Catholic agencies respond to victims of Hurricane Dolly

WASHINGTON (CNS) — Food and water were among the primary needs Catholic aid agencies were trying to meet as thousands of households remained without power and some remained under water July 25 in the wake of Hurricane Dolly. Sister Norma Pimentel, executive director of Catholic Social Services in the Brownsville Diocese, said her agency had helped more than 1,000 families who had been forced from their homes during the first 48 hours after the storm hit.

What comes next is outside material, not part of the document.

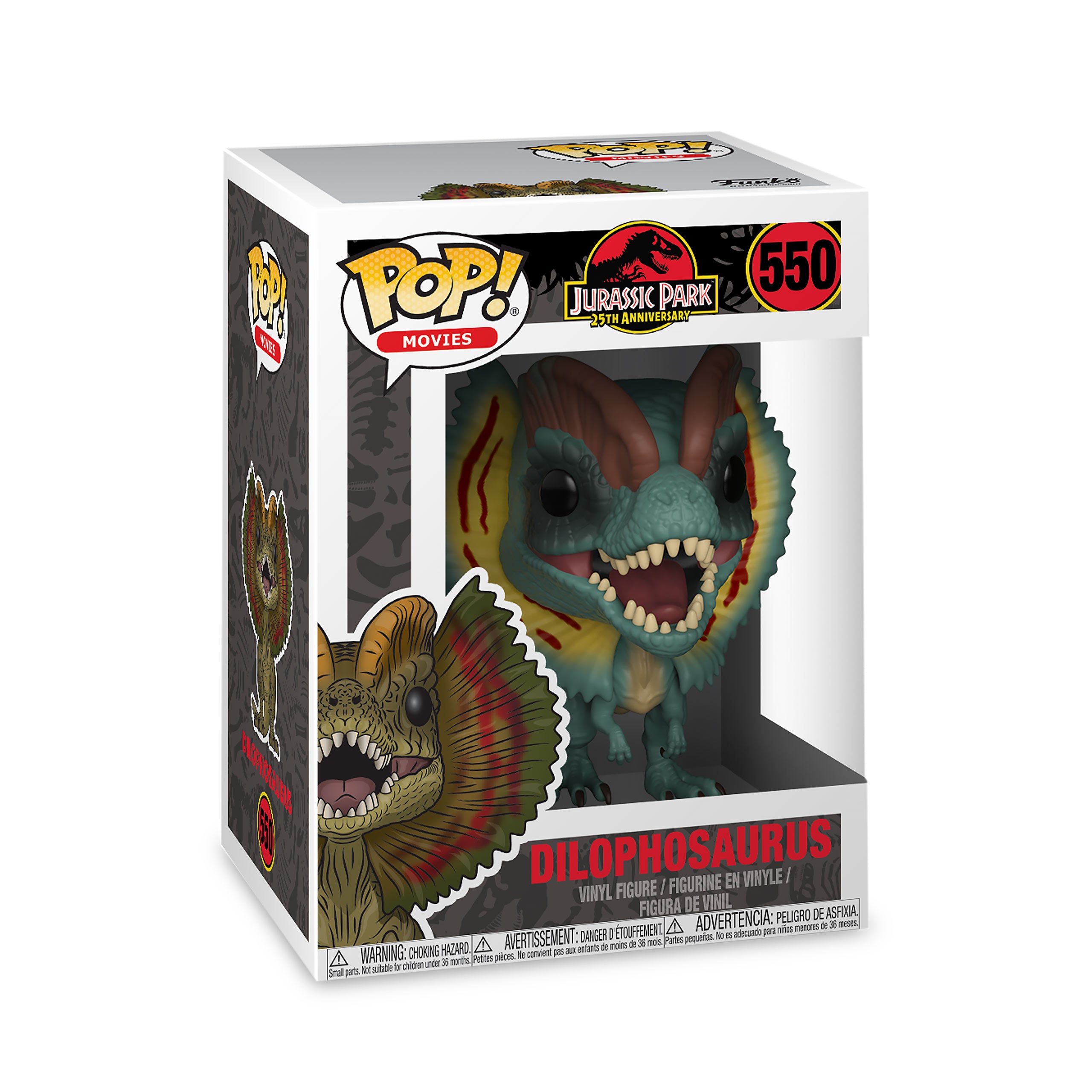 Product image Jurassic Park - Dilophosaurus Funko Pop Figure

“We are mobilizing the staff and volunteers to help people who don’t have electricity and who have been without power for quite awhile,” Sister Norma, a Missionary Sister of Jesus, told Catholic News Service as she took a short break from coordinating aid efforts. “We’re getting food and water to the people.”

“Parishes are directing their people to us so we can start to do some case management and do long-term recovery,” she said. Dolly lashed the Brownsville Diocese, which encompasses Cameron, Willacy, Hidalgo and Starr counties in southernmost Texas, with 100-mph winds and up to 20 inches of rain. The center of the storm made landfall about 35 miles north of the U.S.-Mexico border. Communities in the northern part of the diocese in Willacy and northern Hidalgo counties bore the brunt of the storm as the eye passed over the region. Although flooding was widespread throughout the region, waters receded in most areas quickly.